The decline last week was one of the worst since the sub-prime mortgage crisis in 2008. The FBM KLCI fell 9.3% in a week to 1,344.75 points last Friday. The market continued to fall this week after the US cut interest rates and the index closed at 1,256.58 points yesterday, a 10-year low.

Trading volume surged on Bursa Malaysia amid panic selling. The average daily trading volume jumped to 5.1 billion shares last week, compared with 3.2 billion two weeks ago. The average daily trading value increased to RM3.6 billion, compared with RM2.5 billion, indicating that more lower-capped stocks, favoured by retail participants, were being traded.

For the KLCI, only one counter rose last week. The only gainer was Top Glove Corp Bhd (+4% in a week to RM6.24). The top three decliners were Petronas Chemicals Group Bhd (-22.5% to RM4.38), Press Metal Aluminium Holdings Bhd (-19.5% to RM3.79) and Hap Seng Consolidated Bhd (-16.9% to RM7.70).

Global markets ended in a sea of red. Most markets fell with a double-digit percentage. The US Dow Jones Industrial Average fell 21.5% from its peak in just a month. European and US markets have fallen more than 20% year to date (YTD). The KLCI has fallen 15.4% YTD. Ironically, the Shanghai Stock Exchange Composite fell the least last week and YTD.

The US dollar strengthened against major currencies last week after the US Federal Reserve (Fed) said it would pump US$1.5 trillion (RM6.51 trillion) into the American financial system to stop markets from freezing up. The US Dollar Index increased to 98.7 points last Friday from 96 points two weeks ago. The ringgit weakened to 4.28 against the greenback last Friday, compared with 4.17 the previous week, the weakest since August 2017.

Crude oil plunged 23.3% in a week to US$34.72 per barrel last Friday.
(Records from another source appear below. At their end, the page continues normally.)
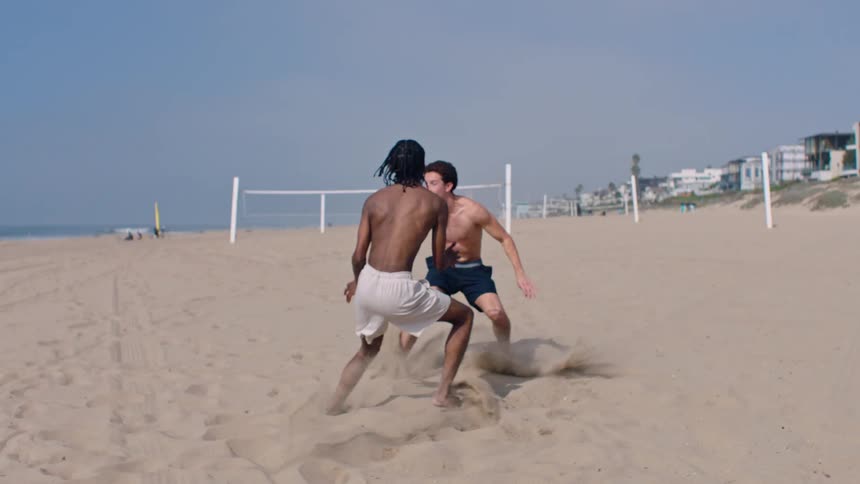 Young man runs across the beach carrying a football as another young man fails to tackle him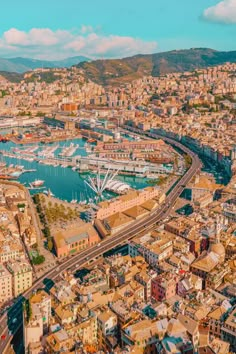 an aerial view of the city and harbor in barcelona, spain with boats on the water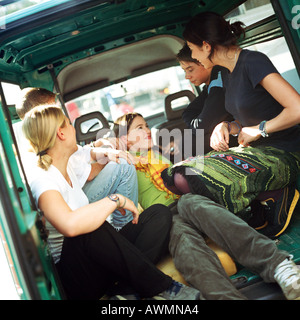 Gruppe von Jugendlichen sitzen hinter van Stockfoto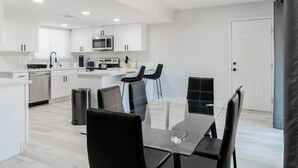 A modern kitchen with white cabinets, a microwave, and a coffee machine. There is a dining area with a glass table and black chairs.
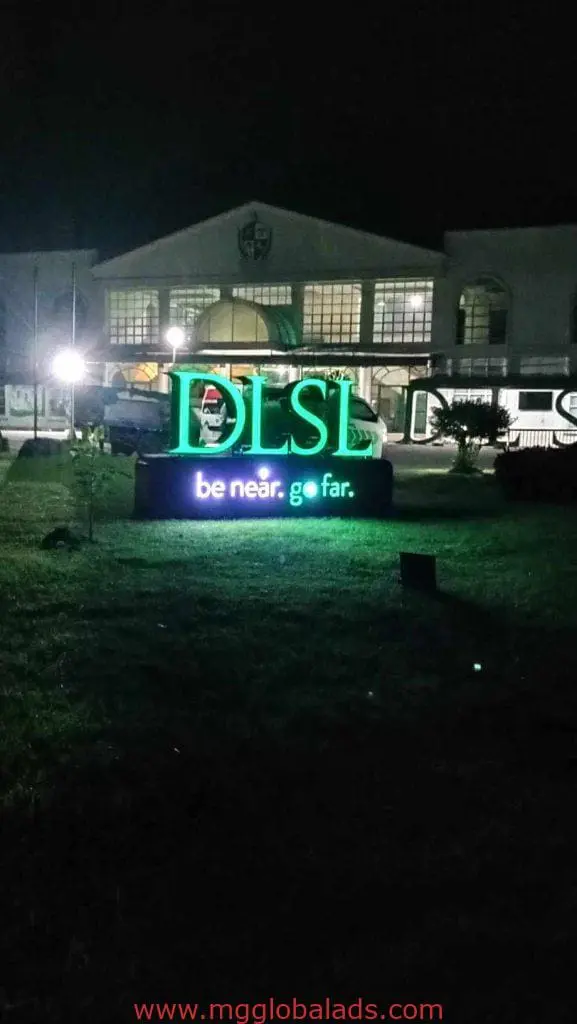 DLSL green and blue outdoor LED signage in front of arched building, Quezon City campus display by M&G Global Ads.
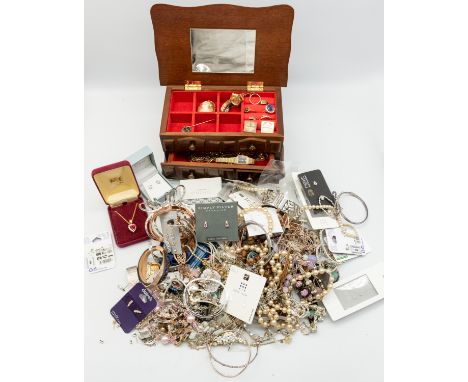 A large collection of costume jewellery to include various silver and white metal pendants and chains, collection of various 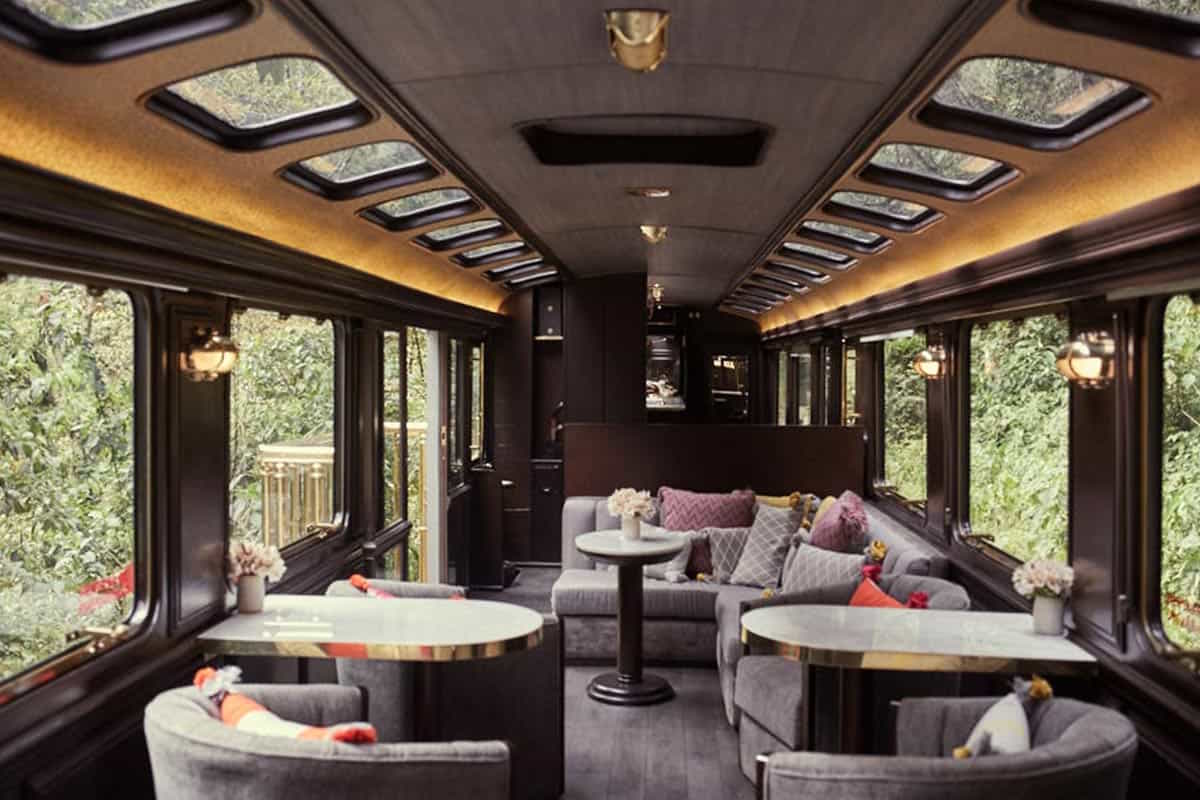 The inside of the Inca Rail Private Train to Machu Picchu with tables and comfortable couches.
The price has fallen 47.4% YTD. Crude palm oil declined 7% in a week to RM2,278 per tonne, the lowest since October 2019. The price has fallen 25% YTD. Gold declined 8.6% to US$1,529.10 an ounce and that price was almost the same as at the beginning of the year.
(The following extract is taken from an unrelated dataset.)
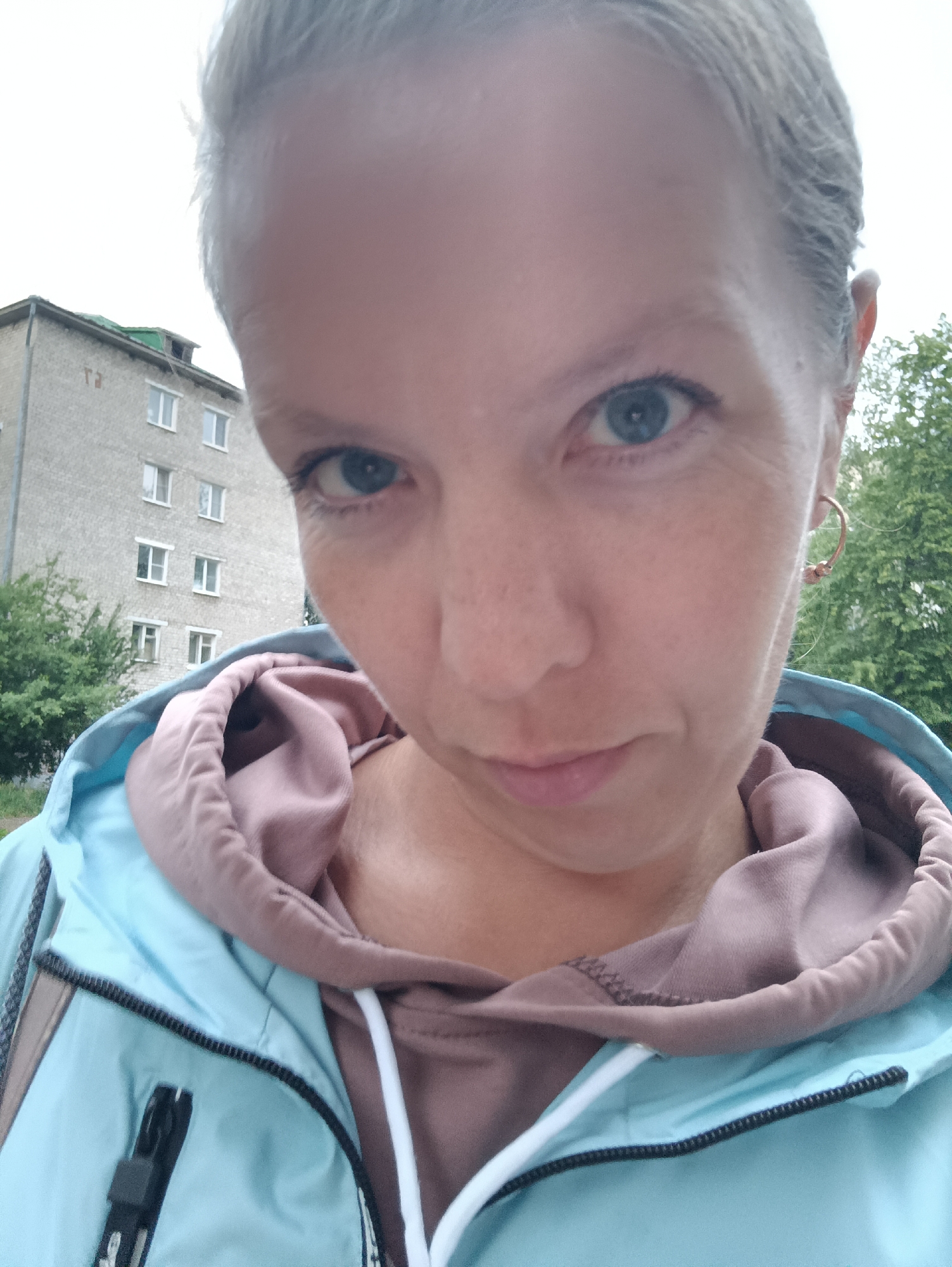 An adult female is depicted in a close-up, outdoor selfie taken in Chaikovsky, Russia. She has fair skin, short light-colored hair, and blue eyes. Fine lines are visible around her eyes, and subtle freckles are present on her face. She wears a light blue zip-up jacket, under which a light brown or dusty rose-colored hooded sweatshirt with white drawstrings is visible. A gold-toned hoop earring is present on her right ear. The background features a multi-story, light grey building constructed of concrete or brick, characterized by numerous white-framed rectangular windows. Faint characters, appearing as "тэ" or "TЭ" in Cyrillic, are visible on the upper left portion of the building. The building's roof includes a green section and a visible structural element. Green trees and bushes flank the building, indicating an outdoor setting under an overcast sky.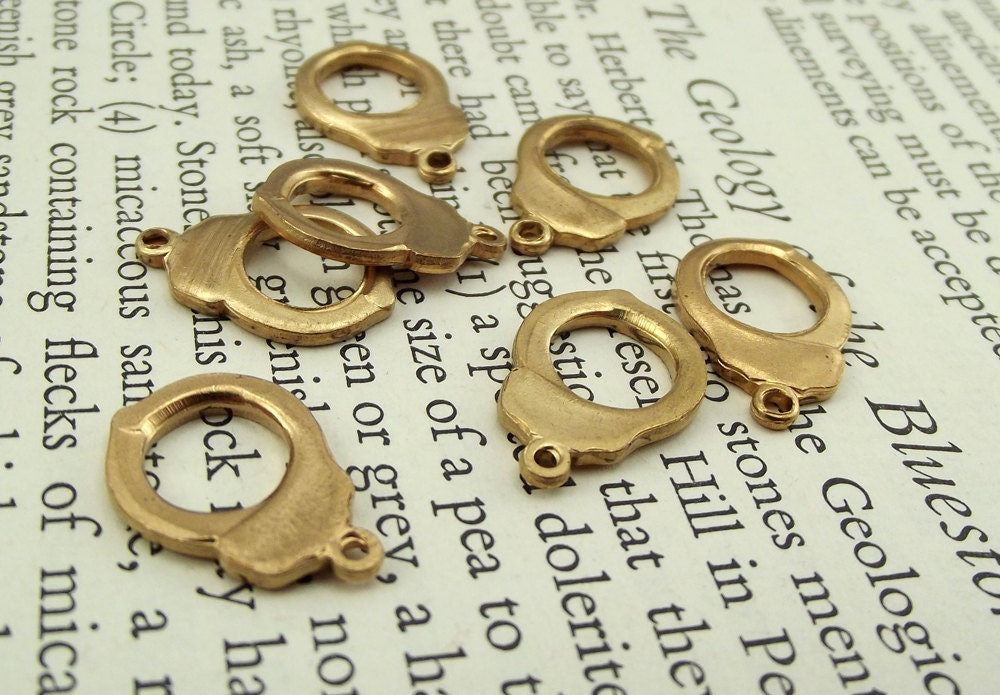 Vintage brass handcuff charms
The KLCI fell below the immediate technical support level at 1,350 points, now testing the next support level at 1,250 points.
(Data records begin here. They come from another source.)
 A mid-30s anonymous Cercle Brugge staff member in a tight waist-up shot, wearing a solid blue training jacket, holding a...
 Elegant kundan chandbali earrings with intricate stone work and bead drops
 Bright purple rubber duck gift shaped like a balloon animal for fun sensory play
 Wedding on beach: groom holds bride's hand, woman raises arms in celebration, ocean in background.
Technically, the trend was strongly bearish below the short- and long-term 30-day and 200-day moving averages. The short-term trend has been technically bearish since early this year and the long-term trend has been bearish since November 2018. Furthermore, the KLCI was below the Ichimoku Cloud indicator and the Cloud continued to decline, indicating a strong downtrend.

Momentum indicators indicated a strong bearish trend. Indicators like the Relative Strength Index and Momentum Oscillator continued to fall and were at oversold levels. Furthermore, the Moving Average Convergence Divergence indicator was below its moving average.

We have seen the market in a downtrend since November 2018 and any rebound attempt was greeted by more selling pressure. However, the plunge in crude oil prices and Covid-19 fears have accelerated the selling pressure since the beginning of this year.

The market was still incredibly uncertain and governments would not be able to stand still trying to figure out how to stabilise the panic in the markets. Lowering interest rates did not seem to provide any confidence. The US$1.5 trillion injection promised by the Fed may provide some support to the markets but will it be able to turn the markets around? Only time will tell. One thing is for sure: The market is going to remain volatile.

The market may rebound as the index was at oversold levels. However, the market would still be in bearish mode unless there is a significant rebound. The short-term 30-day moving average was at 1,500 points, so go figure. If the index cannot even rebound above 1,350 points, then further decline is expected. 1,100 points is possible based on the long-term double-top chart pattern formation.


The above commentary is solely used for educational purposes and is the writer’s point of view using technical analysis. The commentary should not be construed as investment advice or any form of recommendation. Should you need investment advice, please consult a licensed investment adviser.